■ Records provided ■

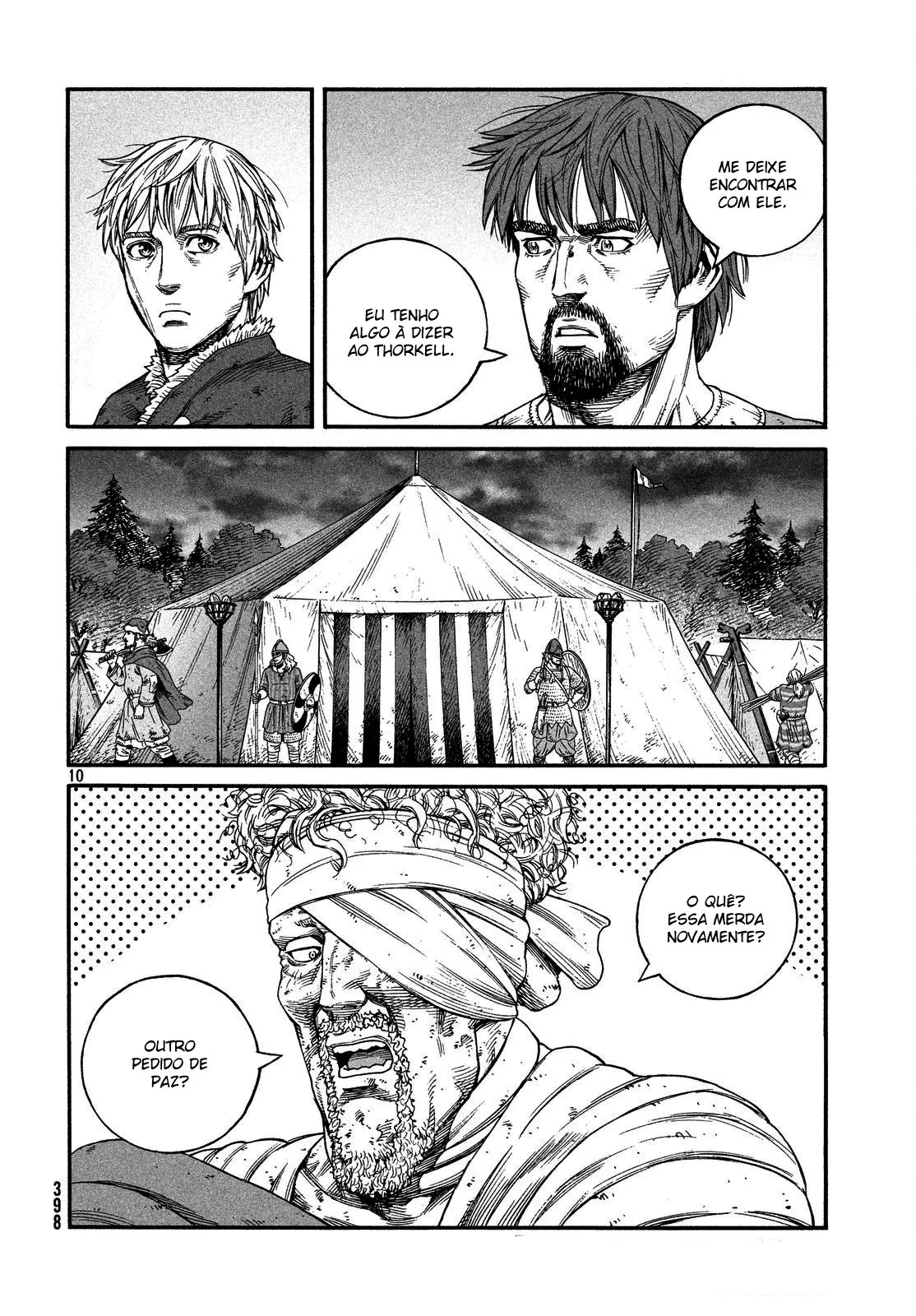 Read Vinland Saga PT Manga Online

* * *

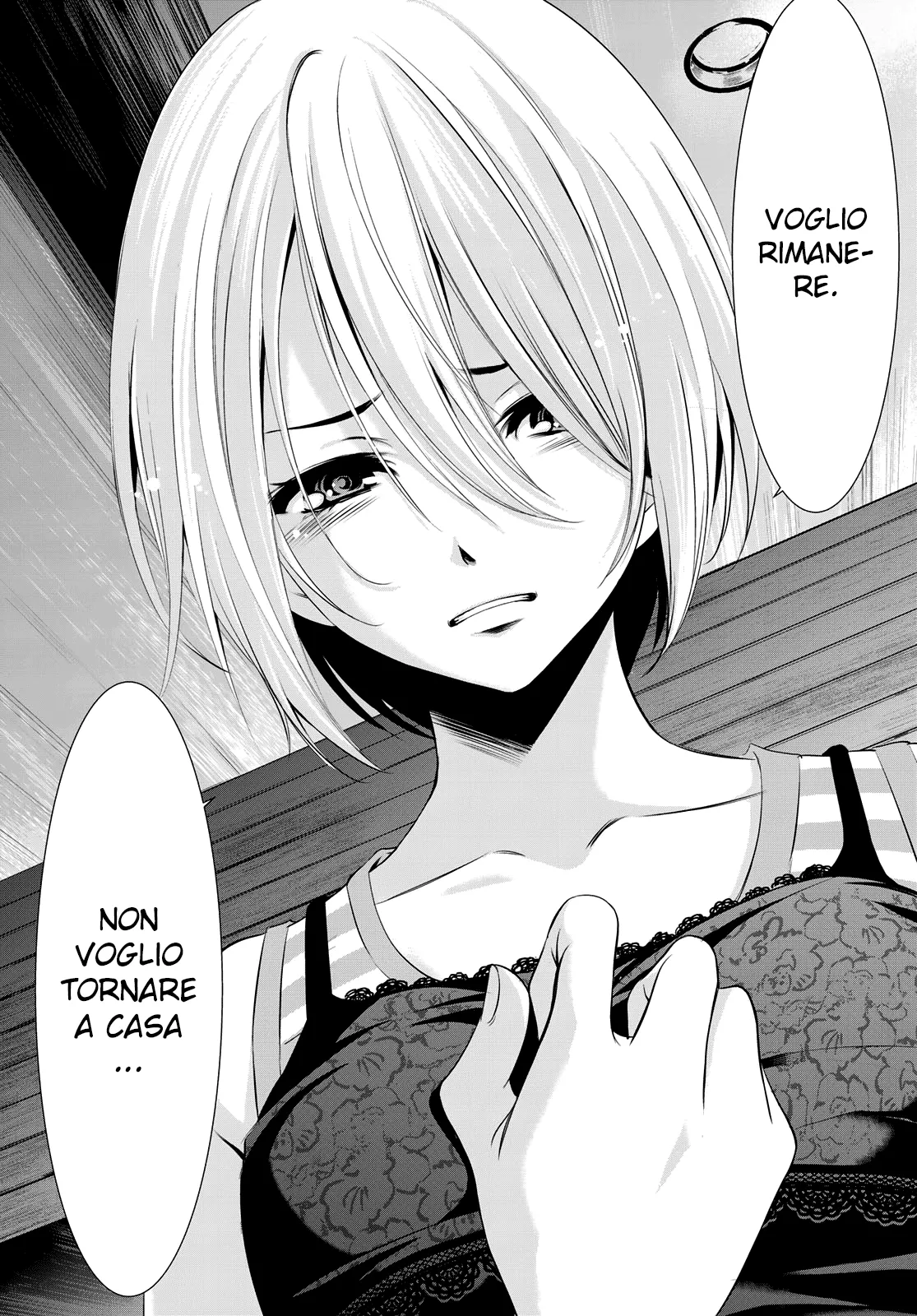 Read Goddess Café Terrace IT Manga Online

==

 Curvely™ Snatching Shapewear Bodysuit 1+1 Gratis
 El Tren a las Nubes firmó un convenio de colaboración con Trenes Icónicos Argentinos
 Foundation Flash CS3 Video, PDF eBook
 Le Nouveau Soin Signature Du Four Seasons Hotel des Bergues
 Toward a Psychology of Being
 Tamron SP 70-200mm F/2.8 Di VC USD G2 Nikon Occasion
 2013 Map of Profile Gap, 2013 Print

■ What the task requires ■
From the data above, reproduce word for word the lines running from the line with "Tamron SP 70-200mm" to the line with "2013 Map of Profile Gap, 2013 Print", ends included.

■ Task result ■
 Tamron SP 70-200mm F/2.8 Di VC USD G2 Nikon Occasion
 2013 Map of Profile Gap, 2013 Print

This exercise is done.